> _ABOUT THIS TASK_
Search the records for "with". Copy every line where it appears.

> _EXERCISE INPUT_

══════════════════════════════

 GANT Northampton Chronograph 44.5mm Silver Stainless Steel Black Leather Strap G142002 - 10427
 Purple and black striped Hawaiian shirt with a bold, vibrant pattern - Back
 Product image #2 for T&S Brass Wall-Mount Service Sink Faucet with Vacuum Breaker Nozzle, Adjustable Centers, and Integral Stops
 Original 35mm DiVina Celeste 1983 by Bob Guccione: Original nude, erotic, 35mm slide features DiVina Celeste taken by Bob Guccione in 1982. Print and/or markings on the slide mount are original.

══════════════════════════════

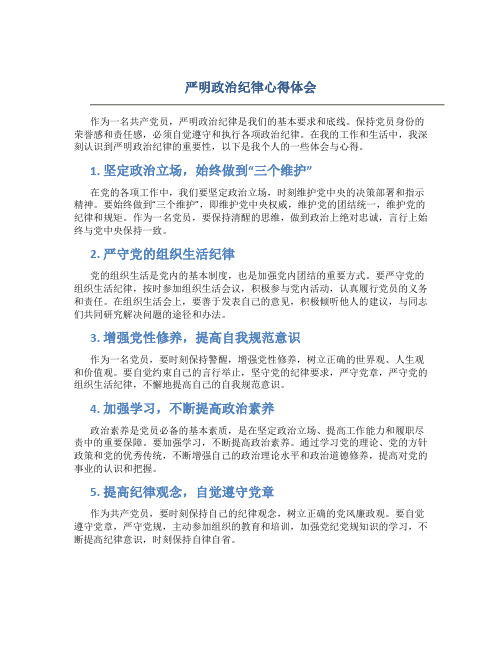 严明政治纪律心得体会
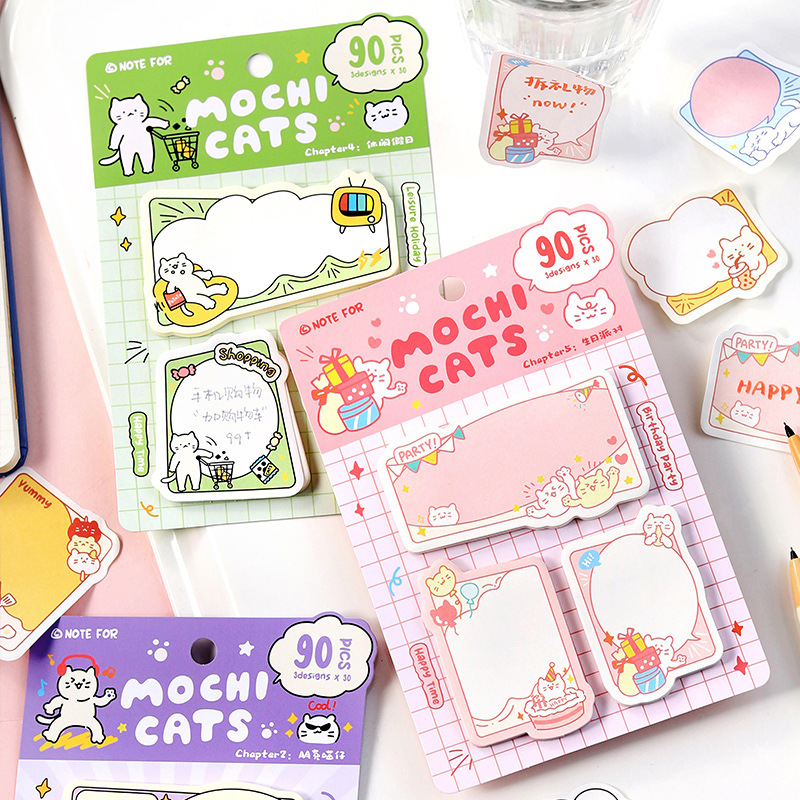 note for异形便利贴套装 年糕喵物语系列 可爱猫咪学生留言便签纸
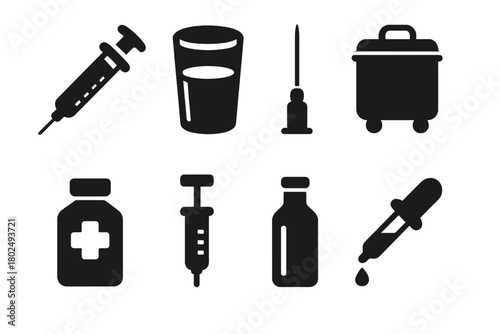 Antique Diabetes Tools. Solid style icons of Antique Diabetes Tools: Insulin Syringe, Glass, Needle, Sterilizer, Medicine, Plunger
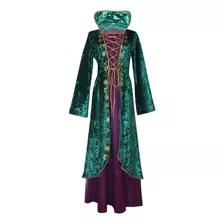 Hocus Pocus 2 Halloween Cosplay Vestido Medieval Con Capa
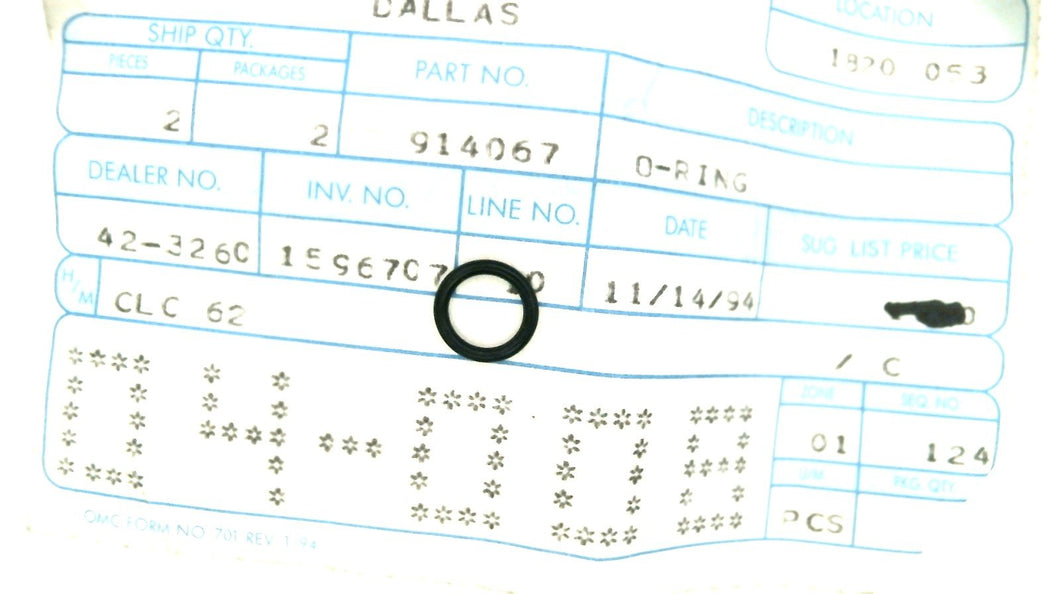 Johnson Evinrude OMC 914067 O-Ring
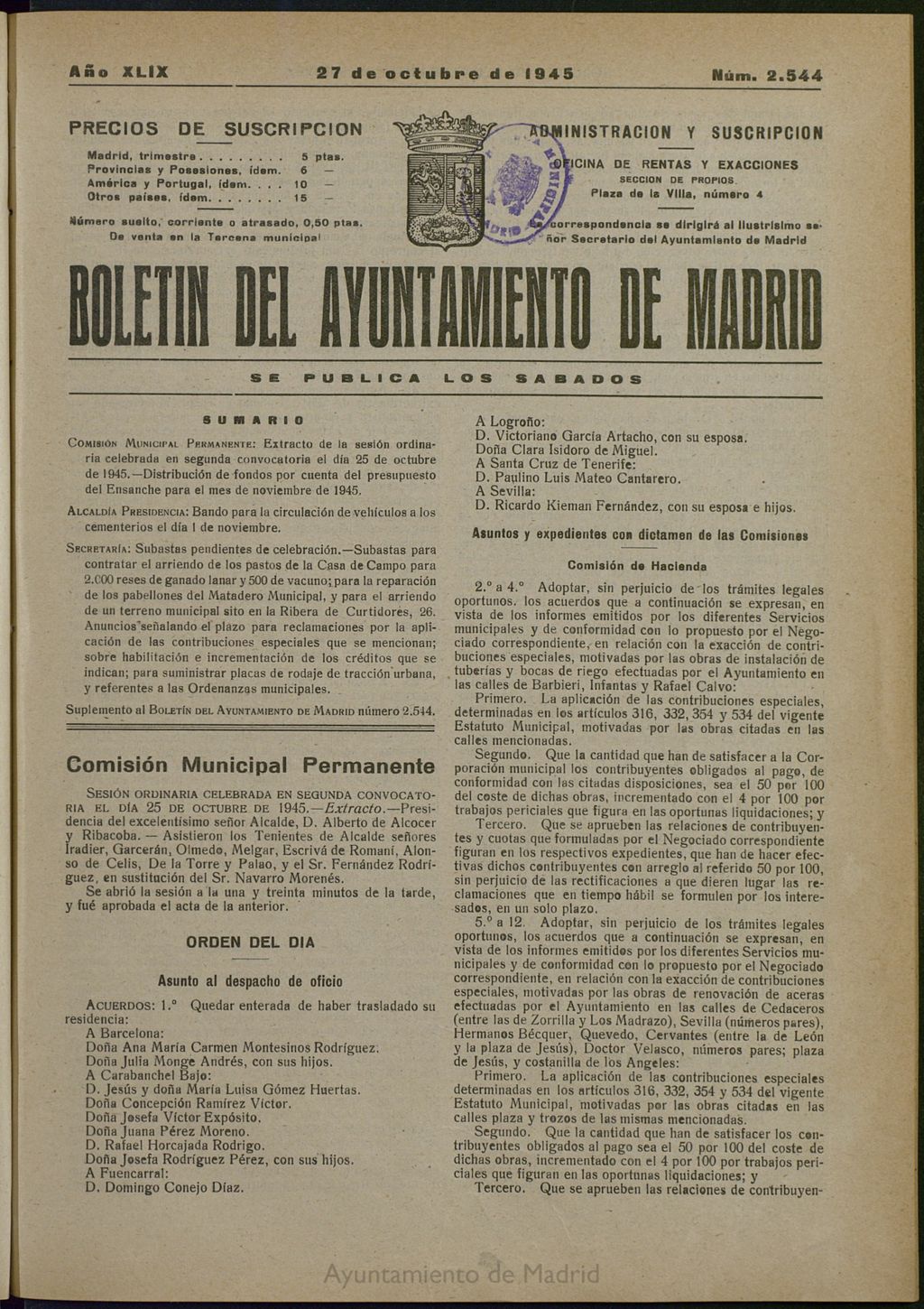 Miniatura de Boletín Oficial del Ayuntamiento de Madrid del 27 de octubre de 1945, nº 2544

══════════════════════════════

> _ANSWER SPACE_
 Purple and black striped Hawaiian shirt with a bold, vibrant pattern - Back
 Product image #2 for T&S Brass Wall-Mount Service Sink Faucet with Vacuum Breaker Nozzle, Adjustable Centers, and Integral Stops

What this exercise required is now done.